Se trata de matar la cultura
LA CULTURA EN LA MIRA
Si no tener una política es tener una
política, hacer como que no se tiene una política y tener media política es
tener una política y media. ¿Suena entreverado? Pues eso es lo que pasa hoy con
la cultura, sobre la que parece haber política y pico.
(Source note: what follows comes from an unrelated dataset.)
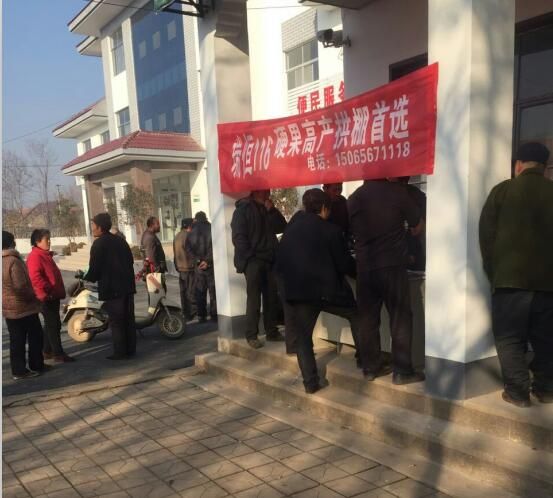 瑞恒116定苗現(xiàn)場(chǎng)火爆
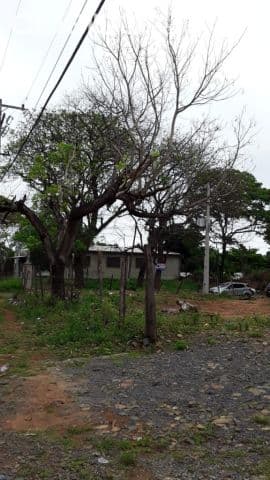 Villa Elisa 457 m2 prox. Américo pico, acceso sur: Ideal p/ empresas, depósitos etc — foto 1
Cerrar los escenarios sin esbozar
siquiera medidas de apoyo para un sector severamente golpeado por cinco meses
de clausura y una reapertura con protocolos sanitarios sumamente restrictivos
no puede leerse de otra manera. A eso se le suma cierto cinismo: las medidas se
toman «por la salud de la gente», aunque en el sector de los espectáculos no
haya habido ningún contagio y nunca se aclare cuál es el argumento científico
según el cual las personas se contagiarían menos apiñadas en un ómnibus,
paseando por el shopping o en la mesa de un bar que en un cine,
quietas, calladas y sentadas con tapabocas, a dos metros rigurosos del
espectador más próximo. Y es que no hay un argumento científico: hay políticas.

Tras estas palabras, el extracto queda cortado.